Should independence happen, Scotland, England and the rest of the United Kingdom would survive. I do not subscribe to the theory that we would be reduced to an economic wasteland, but I believe we would all be poorer. Time does not permit me to go into all the arguments about the practicalities, but the strength of the Union is greater than the sum of its parts. If we split up, we are all diminished.
May I point out that the influence of Scotland is enormous? There are three Stewarts on the Government Benches today and there is a Douglas behind me. Scotland has huge influence in the United Kingdom and should remain in the United Kingdom.

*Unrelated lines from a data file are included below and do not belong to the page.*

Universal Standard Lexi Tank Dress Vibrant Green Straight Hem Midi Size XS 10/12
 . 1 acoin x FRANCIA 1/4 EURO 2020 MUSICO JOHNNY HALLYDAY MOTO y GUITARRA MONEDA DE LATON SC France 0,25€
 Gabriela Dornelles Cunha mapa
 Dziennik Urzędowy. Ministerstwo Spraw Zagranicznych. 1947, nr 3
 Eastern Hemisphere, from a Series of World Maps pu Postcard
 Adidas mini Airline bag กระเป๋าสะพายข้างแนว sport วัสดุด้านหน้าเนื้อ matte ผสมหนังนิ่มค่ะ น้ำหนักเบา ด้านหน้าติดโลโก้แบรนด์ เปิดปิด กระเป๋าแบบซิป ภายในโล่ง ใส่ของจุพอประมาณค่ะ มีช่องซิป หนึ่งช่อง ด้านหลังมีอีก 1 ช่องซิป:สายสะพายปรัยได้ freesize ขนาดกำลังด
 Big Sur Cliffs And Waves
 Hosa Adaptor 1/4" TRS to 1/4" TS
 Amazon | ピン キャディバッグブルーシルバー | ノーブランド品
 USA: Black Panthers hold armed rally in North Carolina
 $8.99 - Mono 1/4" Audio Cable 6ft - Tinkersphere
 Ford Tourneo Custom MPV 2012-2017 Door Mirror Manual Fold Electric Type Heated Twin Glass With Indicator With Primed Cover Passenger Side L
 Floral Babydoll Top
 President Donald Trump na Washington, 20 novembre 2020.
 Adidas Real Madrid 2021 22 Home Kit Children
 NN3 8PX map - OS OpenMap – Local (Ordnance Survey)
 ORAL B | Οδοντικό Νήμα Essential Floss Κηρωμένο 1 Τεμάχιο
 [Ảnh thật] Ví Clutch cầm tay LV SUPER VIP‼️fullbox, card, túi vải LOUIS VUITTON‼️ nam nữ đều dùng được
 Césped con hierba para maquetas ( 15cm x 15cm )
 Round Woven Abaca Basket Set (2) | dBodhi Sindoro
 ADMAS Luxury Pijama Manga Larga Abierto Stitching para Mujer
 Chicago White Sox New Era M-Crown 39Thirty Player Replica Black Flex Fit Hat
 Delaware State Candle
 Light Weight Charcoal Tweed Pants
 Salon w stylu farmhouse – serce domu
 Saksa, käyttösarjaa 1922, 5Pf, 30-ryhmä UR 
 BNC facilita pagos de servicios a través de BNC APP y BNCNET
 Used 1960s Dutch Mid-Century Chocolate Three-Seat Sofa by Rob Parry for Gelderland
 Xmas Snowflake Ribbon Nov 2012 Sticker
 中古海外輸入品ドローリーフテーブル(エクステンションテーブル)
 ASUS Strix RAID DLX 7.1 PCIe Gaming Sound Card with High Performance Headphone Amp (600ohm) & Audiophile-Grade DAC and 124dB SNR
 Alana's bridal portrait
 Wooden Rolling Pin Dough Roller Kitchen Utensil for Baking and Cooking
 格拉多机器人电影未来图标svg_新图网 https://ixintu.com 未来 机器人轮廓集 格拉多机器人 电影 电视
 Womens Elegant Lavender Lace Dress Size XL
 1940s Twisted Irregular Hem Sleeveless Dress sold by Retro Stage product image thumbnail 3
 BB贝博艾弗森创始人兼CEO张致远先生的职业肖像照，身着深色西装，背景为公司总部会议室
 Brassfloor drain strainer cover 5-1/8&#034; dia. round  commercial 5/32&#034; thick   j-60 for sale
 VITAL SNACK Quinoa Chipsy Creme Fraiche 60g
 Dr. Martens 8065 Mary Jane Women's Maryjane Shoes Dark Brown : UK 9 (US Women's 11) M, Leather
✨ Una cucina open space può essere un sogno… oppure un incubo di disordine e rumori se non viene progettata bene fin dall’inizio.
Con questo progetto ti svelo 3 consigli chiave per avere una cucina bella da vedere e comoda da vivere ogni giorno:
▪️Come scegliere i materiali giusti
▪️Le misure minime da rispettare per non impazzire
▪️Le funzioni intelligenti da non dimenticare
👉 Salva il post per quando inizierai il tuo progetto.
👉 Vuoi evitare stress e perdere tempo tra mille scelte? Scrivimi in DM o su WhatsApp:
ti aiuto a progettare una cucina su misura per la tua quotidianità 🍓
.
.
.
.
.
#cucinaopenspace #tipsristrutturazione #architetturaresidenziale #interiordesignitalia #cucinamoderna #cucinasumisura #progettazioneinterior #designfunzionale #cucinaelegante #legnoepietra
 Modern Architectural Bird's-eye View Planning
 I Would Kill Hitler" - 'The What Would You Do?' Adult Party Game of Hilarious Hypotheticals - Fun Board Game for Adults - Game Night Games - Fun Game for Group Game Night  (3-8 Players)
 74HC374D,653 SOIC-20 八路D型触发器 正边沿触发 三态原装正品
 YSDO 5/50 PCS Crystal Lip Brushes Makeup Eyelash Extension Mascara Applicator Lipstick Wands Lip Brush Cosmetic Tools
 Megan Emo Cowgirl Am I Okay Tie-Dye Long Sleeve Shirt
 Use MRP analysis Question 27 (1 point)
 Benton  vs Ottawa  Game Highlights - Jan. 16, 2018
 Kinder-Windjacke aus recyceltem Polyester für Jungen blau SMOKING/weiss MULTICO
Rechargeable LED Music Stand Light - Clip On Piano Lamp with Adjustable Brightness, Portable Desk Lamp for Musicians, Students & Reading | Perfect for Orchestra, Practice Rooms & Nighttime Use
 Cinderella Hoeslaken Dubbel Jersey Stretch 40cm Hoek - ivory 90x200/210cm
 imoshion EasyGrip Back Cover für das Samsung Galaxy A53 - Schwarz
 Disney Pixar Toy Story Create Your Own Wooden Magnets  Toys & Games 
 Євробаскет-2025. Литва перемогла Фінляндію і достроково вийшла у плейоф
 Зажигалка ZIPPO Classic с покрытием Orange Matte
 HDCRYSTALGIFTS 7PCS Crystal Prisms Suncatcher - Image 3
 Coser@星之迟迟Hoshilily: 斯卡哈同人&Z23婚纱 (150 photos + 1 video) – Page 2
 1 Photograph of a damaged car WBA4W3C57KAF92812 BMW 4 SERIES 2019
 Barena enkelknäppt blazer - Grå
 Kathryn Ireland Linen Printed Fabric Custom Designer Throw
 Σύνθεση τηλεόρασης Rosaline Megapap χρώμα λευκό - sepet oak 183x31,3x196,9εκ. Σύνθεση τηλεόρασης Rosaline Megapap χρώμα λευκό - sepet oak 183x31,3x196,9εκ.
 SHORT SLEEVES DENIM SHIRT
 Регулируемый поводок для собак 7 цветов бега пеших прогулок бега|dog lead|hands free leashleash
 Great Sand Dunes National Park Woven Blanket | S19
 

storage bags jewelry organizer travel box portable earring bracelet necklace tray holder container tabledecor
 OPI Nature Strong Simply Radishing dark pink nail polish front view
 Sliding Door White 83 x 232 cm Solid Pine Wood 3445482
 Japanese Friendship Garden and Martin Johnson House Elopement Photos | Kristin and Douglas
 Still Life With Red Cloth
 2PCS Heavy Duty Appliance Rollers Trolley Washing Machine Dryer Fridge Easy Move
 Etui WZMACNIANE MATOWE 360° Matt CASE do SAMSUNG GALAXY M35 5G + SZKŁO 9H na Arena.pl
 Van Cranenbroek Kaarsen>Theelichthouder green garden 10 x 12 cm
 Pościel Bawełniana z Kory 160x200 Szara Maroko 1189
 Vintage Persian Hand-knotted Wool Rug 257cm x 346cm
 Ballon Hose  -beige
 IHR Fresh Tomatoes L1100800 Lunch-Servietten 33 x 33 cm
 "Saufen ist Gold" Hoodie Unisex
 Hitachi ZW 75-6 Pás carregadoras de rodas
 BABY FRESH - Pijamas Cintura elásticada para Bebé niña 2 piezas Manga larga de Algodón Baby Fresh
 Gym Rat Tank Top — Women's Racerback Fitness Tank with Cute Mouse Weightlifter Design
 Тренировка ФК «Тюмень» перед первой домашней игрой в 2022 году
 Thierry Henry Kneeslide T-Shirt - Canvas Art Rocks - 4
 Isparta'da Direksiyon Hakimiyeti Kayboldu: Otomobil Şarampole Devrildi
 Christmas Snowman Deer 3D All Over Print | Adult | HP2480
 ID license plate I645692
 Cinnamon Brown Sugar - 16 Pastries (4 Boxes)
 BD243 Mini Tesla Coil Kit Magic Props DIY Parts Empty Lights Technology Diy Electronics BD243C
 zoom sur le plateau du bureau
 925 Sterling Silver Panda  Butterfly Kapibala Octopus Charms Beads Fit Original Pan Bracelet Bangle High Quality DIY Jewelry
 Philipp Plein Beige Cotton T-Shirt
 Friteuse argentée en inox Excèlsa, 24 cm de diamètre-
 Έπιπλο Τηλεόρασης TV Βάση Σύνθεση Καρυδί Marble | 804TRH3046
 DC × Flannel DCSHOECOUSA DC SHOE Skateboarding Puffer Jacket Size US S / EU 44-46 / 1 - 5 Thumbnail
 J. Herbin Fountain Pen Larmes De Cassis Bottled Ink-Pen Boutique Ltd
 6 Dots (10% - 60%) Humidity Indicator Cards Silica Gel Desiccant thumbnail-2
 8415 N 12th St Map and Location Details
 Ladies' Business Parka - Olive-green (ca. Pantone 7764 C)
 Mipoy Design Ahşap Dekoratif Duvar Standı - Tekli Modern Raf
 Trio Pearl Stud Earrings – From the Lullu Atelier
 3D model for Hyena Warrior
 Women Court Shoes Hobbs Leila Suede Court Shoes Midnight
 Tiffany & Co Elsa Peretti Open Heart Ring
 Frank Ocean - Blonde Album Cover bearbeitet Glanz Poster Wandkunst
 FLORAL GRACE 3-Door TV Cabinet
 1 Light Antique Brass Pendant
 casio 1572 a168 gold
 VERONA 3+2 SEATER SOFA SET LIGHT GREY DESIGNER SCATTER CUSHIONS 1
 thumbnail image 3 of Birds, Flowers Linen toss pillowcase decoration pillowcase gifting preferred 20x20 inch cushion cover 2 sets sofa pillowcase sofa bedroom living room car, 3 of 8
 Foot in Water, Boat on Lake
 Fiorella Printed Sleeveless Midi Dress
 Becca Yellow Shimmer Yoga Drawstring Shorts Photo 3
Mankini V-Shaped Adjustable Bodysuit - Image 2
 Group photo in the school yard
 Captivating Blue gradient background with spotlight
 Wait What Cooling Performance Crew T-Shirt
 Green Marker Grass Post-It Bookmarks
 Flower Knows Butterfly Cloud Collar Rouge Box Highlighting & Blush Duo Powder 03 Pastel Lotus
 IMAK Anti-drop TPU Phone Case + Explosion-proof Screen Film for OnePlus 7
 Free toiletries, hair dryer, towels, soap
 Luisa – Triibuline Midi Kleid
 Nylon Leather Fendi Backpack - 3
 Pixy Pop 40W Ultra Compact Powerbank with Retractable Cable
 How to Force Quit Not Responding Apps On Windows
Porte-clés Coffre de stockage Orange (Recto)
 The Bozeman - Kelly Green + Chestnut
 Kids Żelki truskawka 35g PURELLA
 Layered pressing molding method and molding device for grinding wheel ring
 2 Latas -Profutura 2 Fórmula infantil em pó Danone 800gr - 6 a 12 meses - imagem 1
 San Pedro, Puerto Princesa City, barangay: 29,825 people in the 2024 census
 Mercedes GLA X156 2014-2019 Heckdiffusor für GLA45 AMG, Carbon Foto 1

I think there may be a question there.
My fellow clansman puts the point eloquently. Scotland punches above her weight in the United Kingdom. England punches above her weight by being part of the United Kingdom. Be it in international affairs, defence or economic clout, we are stronger together.
Devolution is a dynamic process and I think that was always the intention when the Scotland Act 1998 was passed. In 2012 we passed a further Scotland Act, which contains a substantial transfer of powers, principally fiscal powers, from this place to Holyrood. That transfer has huge implications, particularly for businesses in Scotland as they adjust to the new fiscal arrangements. I support that, as it makes Holyrood responsible for more of the money it spends. It finds as much of a welcome in my constituency in England as I know it does in Scotland. Surely the sensible thing to do is let that major change happen and bed down before we see whether there are further practical changes that can be introduced so that we have the optimal arrangement between Scotland, England and the rest of the United Kingdom, rather than gambling on the one-way ticket to uncertainty that a yes vote on 18 September would represent.
Let me conclude by returning to my principal point. Whatever the economic, strategic or practical arguments about Scotland’s remaining part of the United Kingdom, for me the principal point is emotional. This is my country. I will not rest until we see a no vote on 18 September. I do not want to swap my country for dual citizenship or whatever other arrangements come about. I am British, I want to stay British and I will fight with every fibre of my body to keep us British.
Se urram mhor a tha ann dhomh an diugh cothrom bruidhinn air Alba a bhi neo-eisimeileachd.
I start in Gaelic, the oldest language of these islands of Britain and Ireland, to say that it is a great pleasure to speak in this debate about the day Scotland will be independent. It is tremendous that this House has taken this opportunity to debate the vital topic of how Scotland can join the world as an independent nation—how it can be a full part of the United Nations and a full and proper member of the Commonwealth, not kept apart and separate as a region of another state, and certainly not knowing its place in the Union. If ever a debate had a title with the hangover of imperialism, it is this one. Scotland’s place, like that of New Zealand, Canada, Norway, Denmark and Ireland, is in the world. No country in the developed world has voted against their independence, and I am sure that Scotland will not be the first. It is an odd insult to Scotland that here in Westminster every other nation is seen as independent but Scotland is insulted by the word “separate” or “separatism”. We will be independent like the others, too.
The right hon. Member for Edinburgh South West (Mr Darling)—the darling leader of the no campaign—often says that independence is a one-way street. [Interruption.] Yes, he darkly warns. In fairness, not much he says has any brightness and joy. But he is describing a situation and not a fact. The fact is that independence is probably irreversible. The empirical reality, from observation, is that none who gains independence chooses to give it up. As it works personally when we stop being children and start making decisions for ourselves, so it works for countries. The best people to make decisions for a country are the people who live and work there, and this is true for Scotland.
The hon. Gentleman has made a very interesting point. If, heaven forfend, there is a yes vote on 18 September, will he commit his party, at some subsequent date, to give a further referendum to allow Scotland back into the United Kingdom?